EXERCISE PROMPT — Please repeat the records beneath this task exactly as they appear, but skip the images.

──────── SUPPLIED ENTRIES

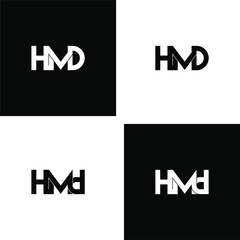 hmd letter original monogram logo design set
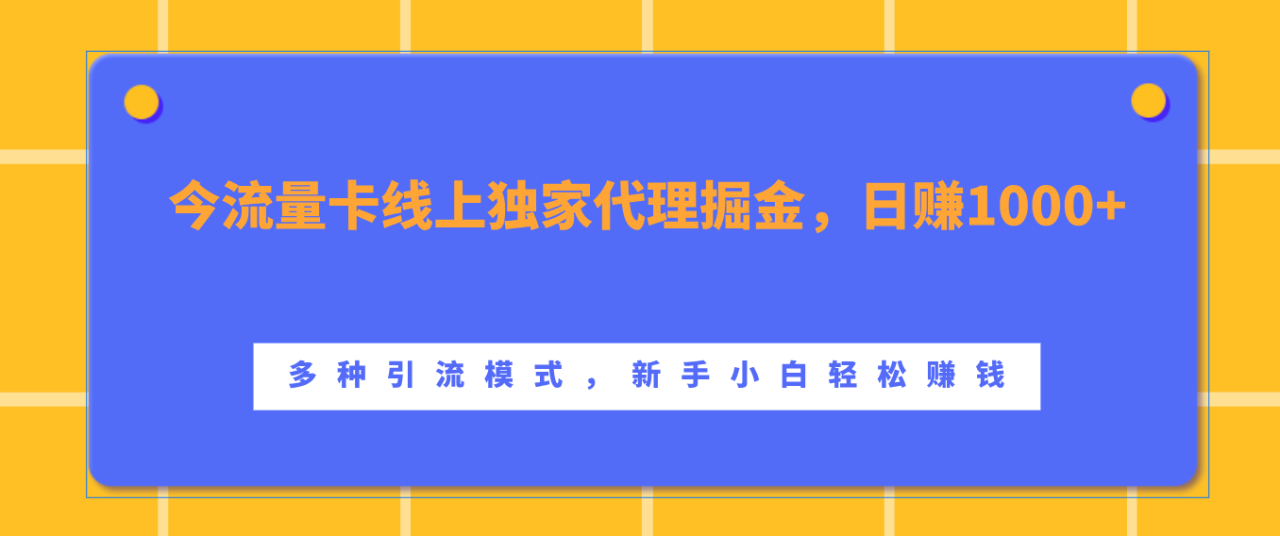 流量卡线上独家代理掘金，日赚1000+ ，多种引流模式，新手小白轻松赚钱-九章网创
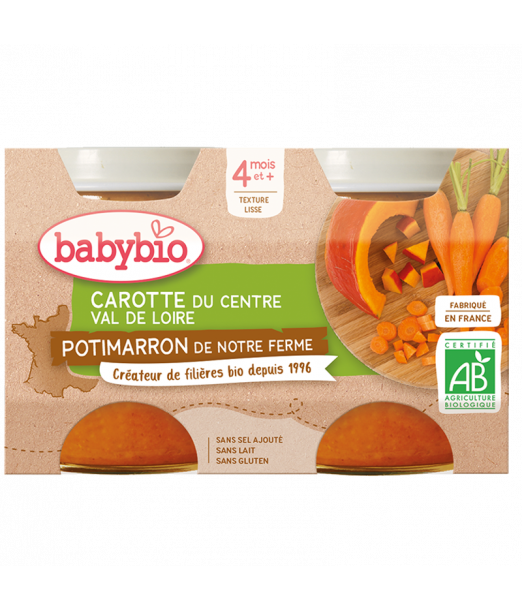 Babybio Carotte du Centre Val de Loire Potimarron 4m+ Céréales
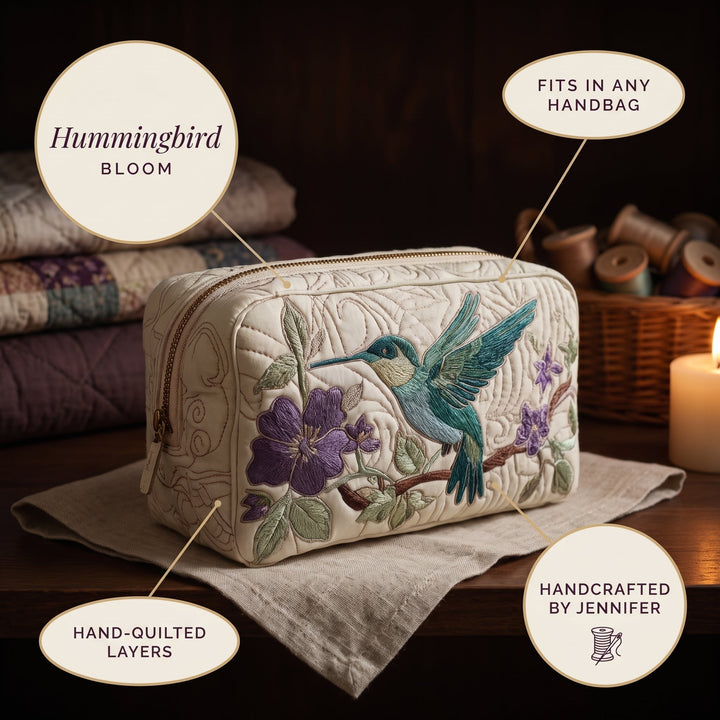Hummingbird Bloom Quilted Makeup Bag 4
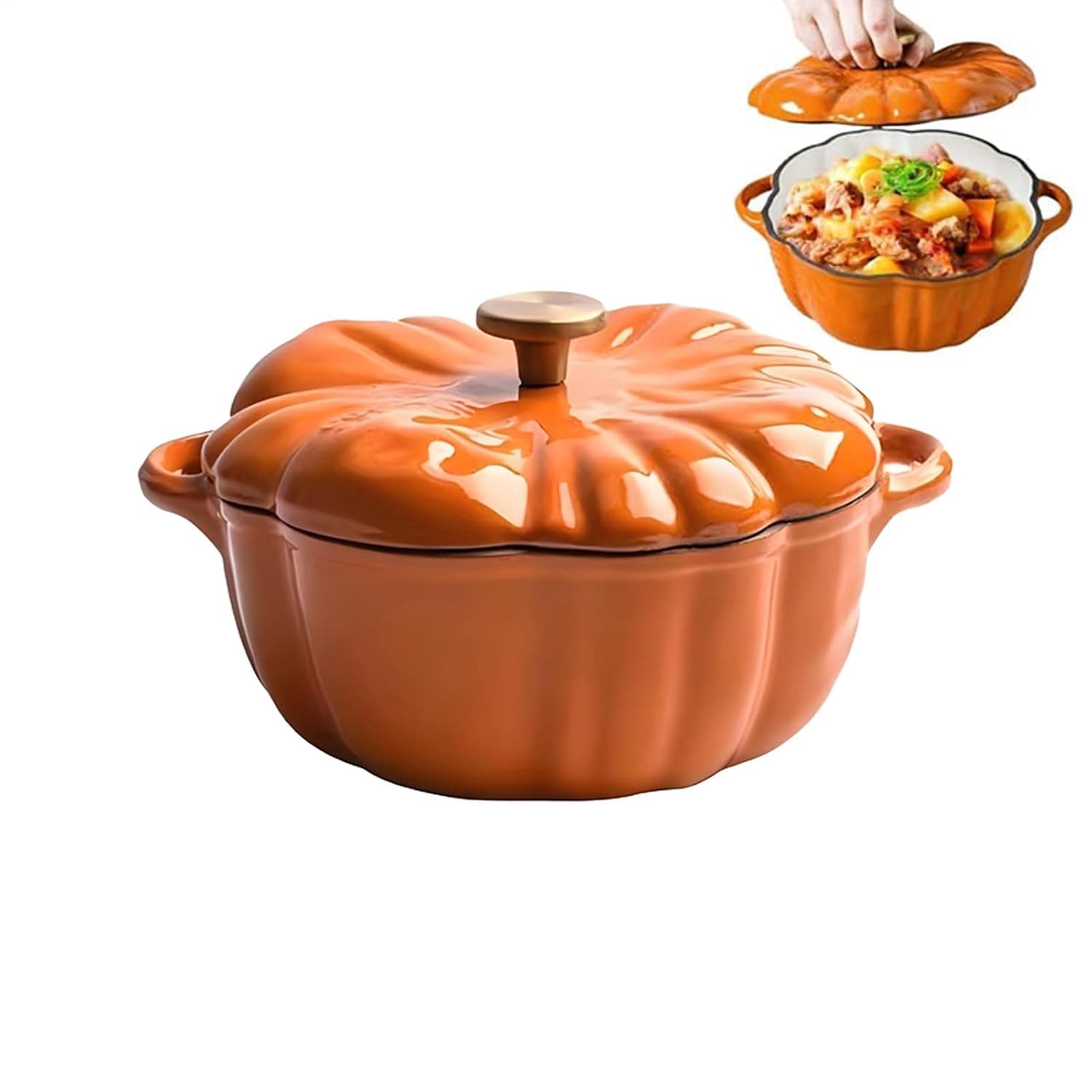 Pumpkin Dutch Oven Pot With Lid & Handle | 16cm Non-Stick Pumpkin Design Enameled Cast Iron Dutch Oven | Cute Halloween Decor Pumpkins Pot, For Sauteing StewOven Stove Roasting Simmering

────────────────

SOLUTION FOR THIS EXERCISE —
 hmd letter original monogram logo design set
 流量卡线上独家代理掘金，日赚1000+ ，多种引流模式，新手小白轻松赚钱-九章网创
 Babybio Carotte du Centre Val de Loire Potimarron 4m+ Céréales
Hummingbird Bloom Quilted Makeup Bag 4
 Pumpkin Dutch Oven Pot With Lid & Handle | 16cm Non-Stick Pumpkin Design Enameled Cast Iron Dutch Oven | Cute Halloween Decor Pumpkins Pot, For Sauteing StewOven Stove Roasting Simmering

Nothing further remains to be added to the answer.